--- Dataset ---
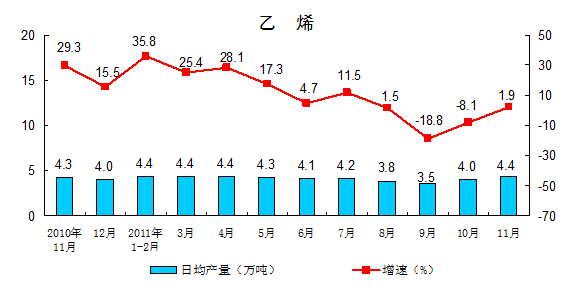 11月规模以上工业增加值同比增长12.4%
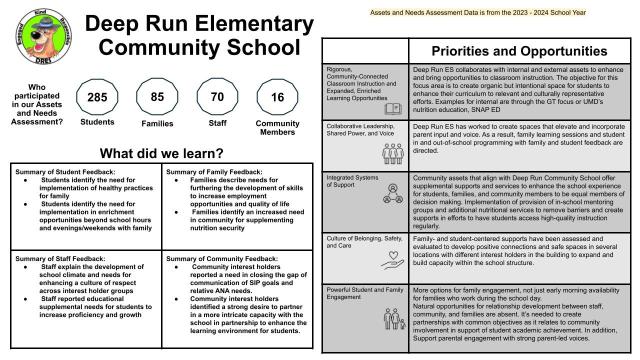 DRES Community Schools Information
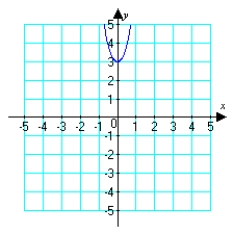<strong>Sketch the graph of </strong> A) B) C) D)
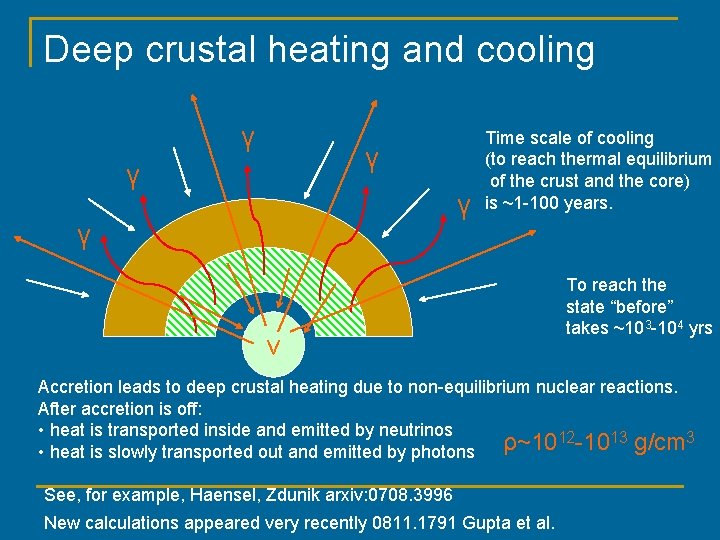 Deep crustal heating and cooling γ γ γ Time scale of cooling (to reach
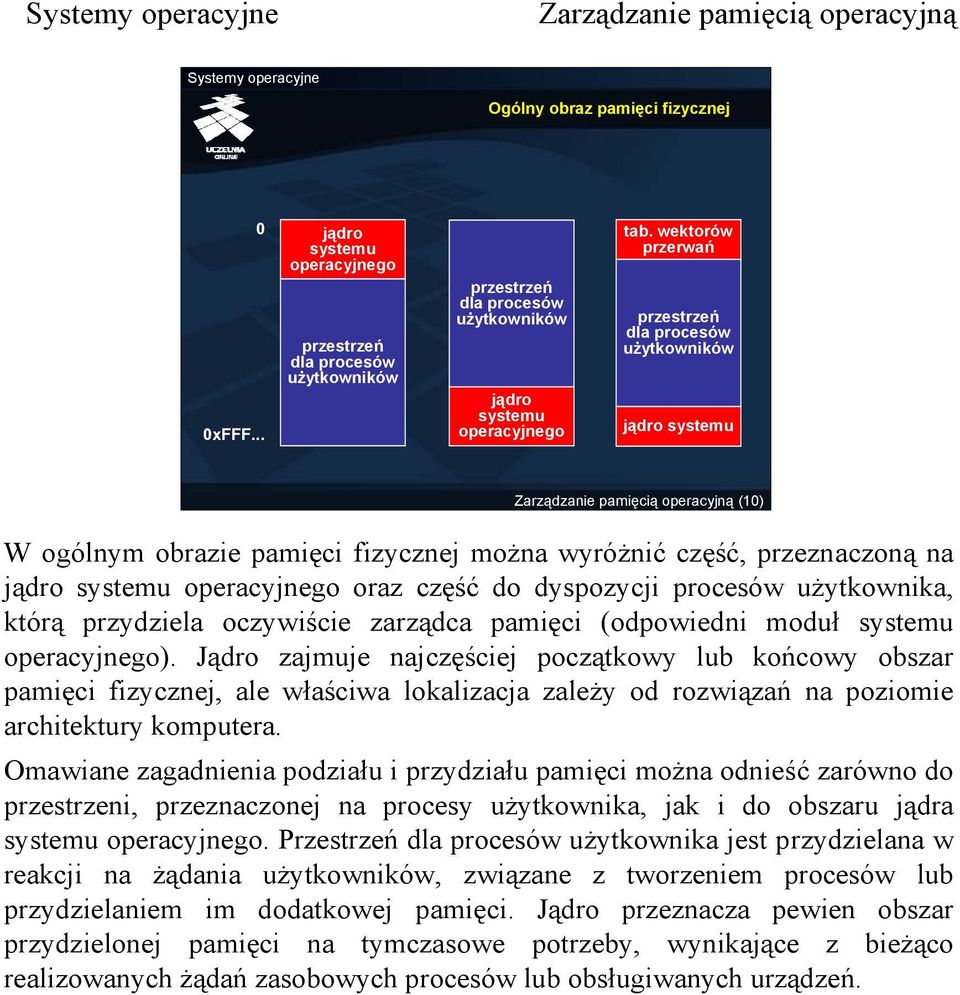 procesów użytkownika, którą przydziela oczywiście zarządca pamięci (odpowiedni moduł systemu operacyjnego).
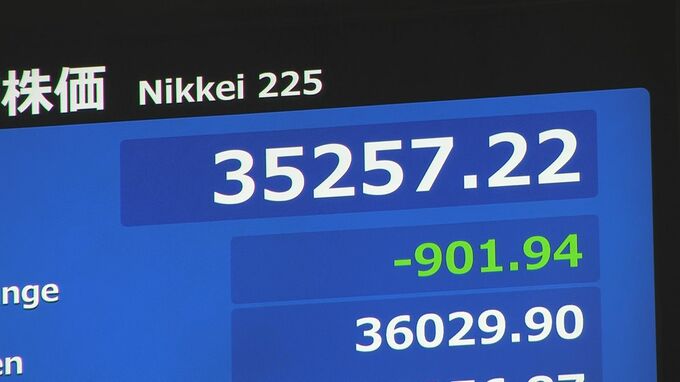 【速報】日経平均株価が急落 一時900円まで下げ幅拡大 8か月ぶり140円台後半の円高背景に|TBS NEWS DIG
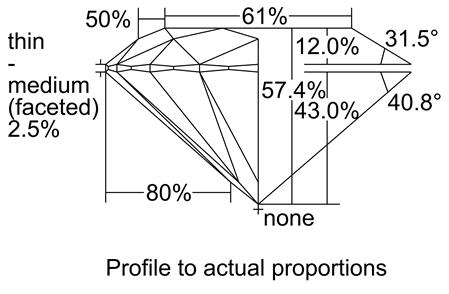 Proportion Diagram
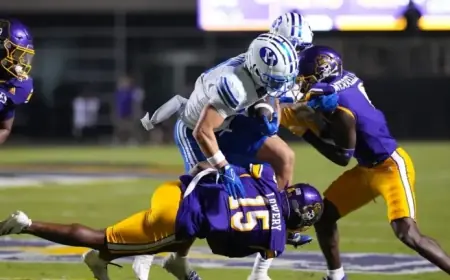 Gators Secure ECU Defensive Back from Transfer Portal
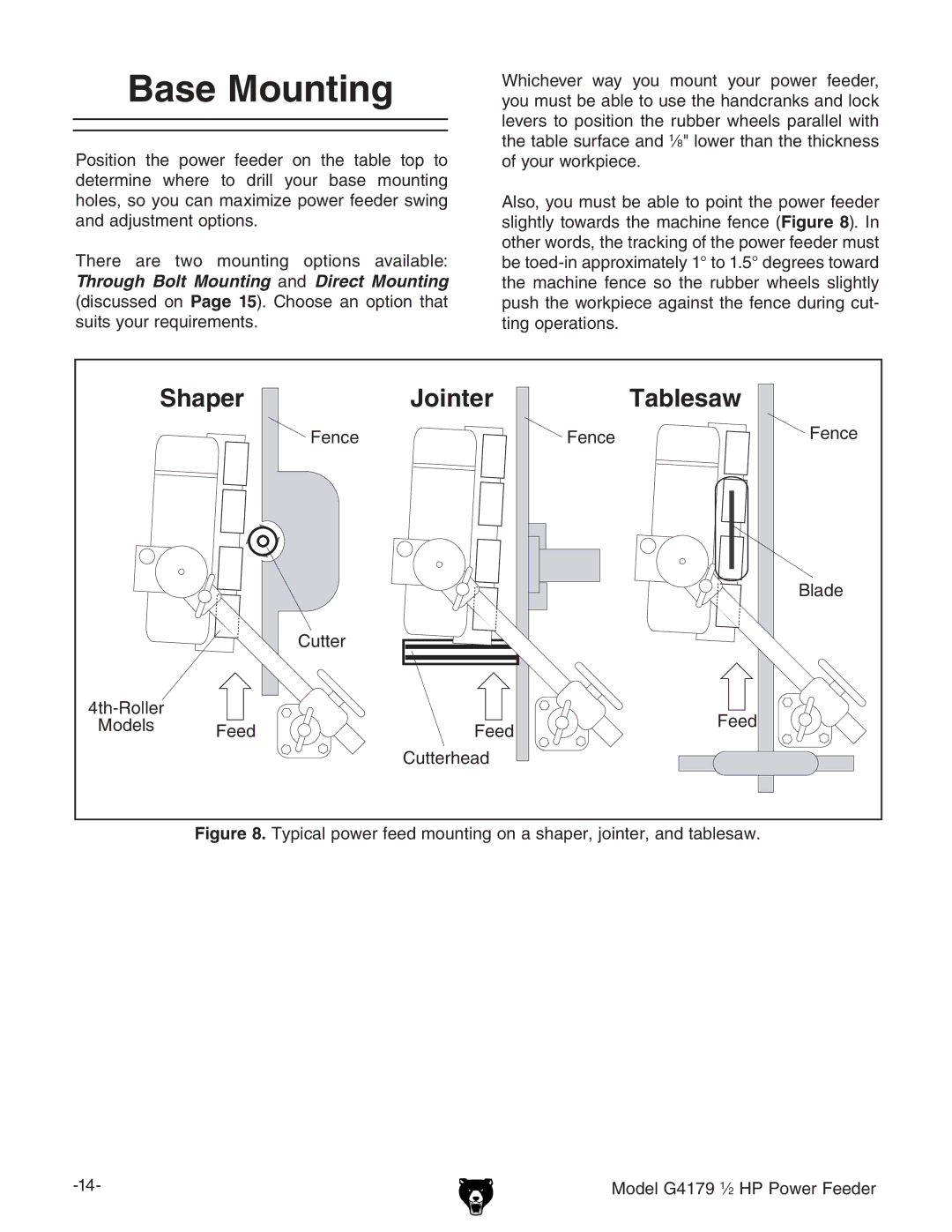 Grizzly G4179 owner manual Base Mounting, ZcXZ 7aVYZ 8jiiZg, 8jiiZgZVY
---
_What needs to be done_. Which lines run from the one that holds "Proportion Diagram" to the final line of the records above? Return them exactly, and skip the pictures.

_Answer section_.
 Proportion Diagram
 Gators Secure ECU Defensive Back from Transfer Portal
 Grizzly G4179 owner manual Base Mounting, ZcXZ 7aVYZ 8jiiZg, 8jiiZgZVY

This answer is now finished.